Eliezer has gone through most of his life without recognition. It is revealed that his entire life–some 25 years or more–has been dedicated to some research that was ultimately pointless, due to another scholar’s archaeological discovery. To this day, his only moment of pride was when an award-winning scholar and teacher, who supposedly never mentioned anyone by name in his books, named Eliezer in the footnote. It’s rather sad. His resentment has a ripple effect on the story, which helps both push the film forward and bring in some added drama. Because of Eliezer’s attitude, Uriel lashes out at his son, who seems to be a little confused about his purpose in life. Uriel is a son who is filled with conflicted feelings towards his father. In what can be described as a son’s adoration towards his father–you might even call it an idealization–is revealed to be something closer to a fear of rejection. Uriel is full of pride, even the way he plays racquetball is both pompous and full of showmanship, but it is exactly what it seems to be: an act. Hurt by his father’s actions, he lashes out at everyone around him in anger and with pent up frustration.

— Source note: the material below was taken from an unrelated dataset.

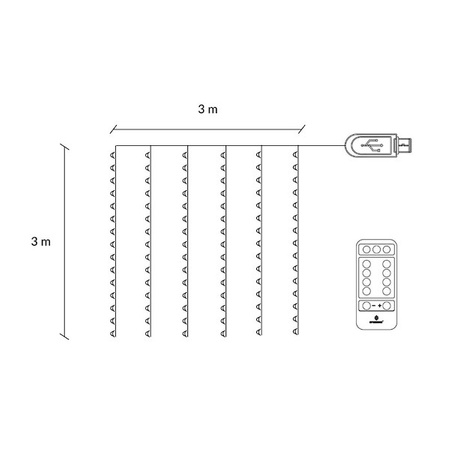 Kurtyna świetlna 300 led girlanda, lampki druciki z programatorem wewnętrzno-zewnętrzne multikolor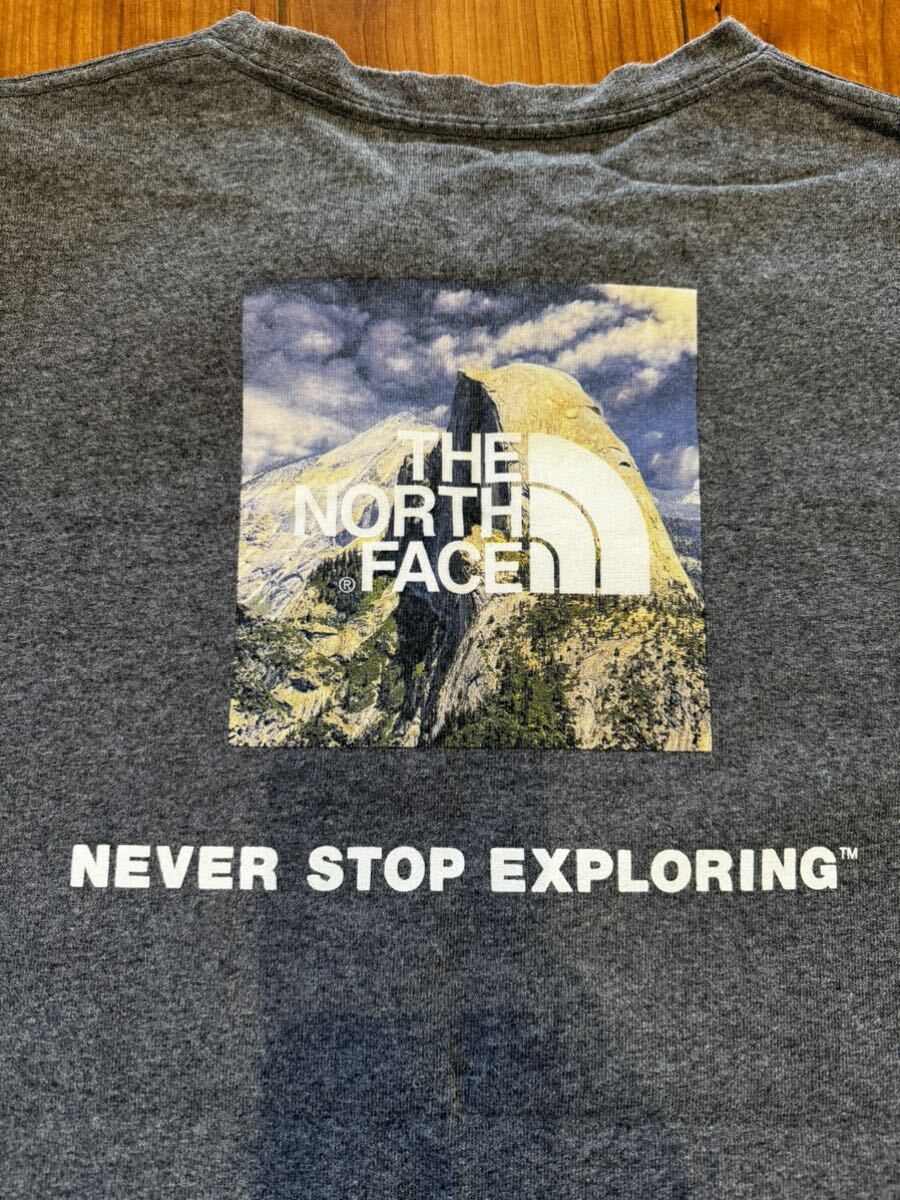 ノースフェイス　半袖Tシャツ ヘビーウエイト　グレー　メンズXL スクエアロゴ　THE North Face_画像2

One of the first things that struck me in Footnote was the style and tone. We open with a medium-shot of Eliezer, who sits in deep thought during a ceremony for his son, Uriel, who is giving an acceptance speech. What’s most striking about this shot– besides the remarkable acting that is done by Shlomo Bar-Aba–is the settled camera style. It is surely something that should be noteworthy, given the sudden shift later in the quirkier stylistic choices. This drastic change seems to undercut the serious tone of the film, which makes me curious as to why this felt necessary. Was it to enhance the melodramatic feeling, like a Wes Anderson film, or something a little more obtuse? Nevertheless, what’s also wonderful about this scene is how he chooses to ignore Uriel entirely. Eliezer’s son is in the midst of giving a rather heartfelt anecdotal speech that is littered with humor about his aspirations as a child to become a teacher. This story is fairly telling of his relationship with his father, despite his intentions to paint him in a positive light. Even though Eliezer is not prone to expressing himself, his face tells us all that we need to know.
Simple, straightforward and ultimately a little too unsurprising, the story itself moves briskly along at a reasonable pace. There are a variety of terrifically symbolic scenes throughout the entire film. Some are painful to watch, while others are a little more playful. But ultimately it’s a little difficult to get a grasp on what exactly Cedar’s feelings on the issue, whether its melodramatic, or deadly serious–he seems to feel that it can be both. That’s the biggest issue with Footnote, while everything else is incredibly well- done. It may seem like a small gripe, but it was a nagging problem that seem to show up every now and then when the Cedar felt the film was becoming too self-serious. A director should never be afraid to be too serious, or too silly, and sticking around in the middle is not the ideal place to be. The ending is also a little problematic for me, where it feels a little done-to-death. It doesn’t give us any resolve, but it is ponderous and will likely lead to a few discussions. What I find to be the saddest part of the whole affair is if only Eliezer had realized that a life can not be summed up with awards and footnotes, he could’ve been much happier.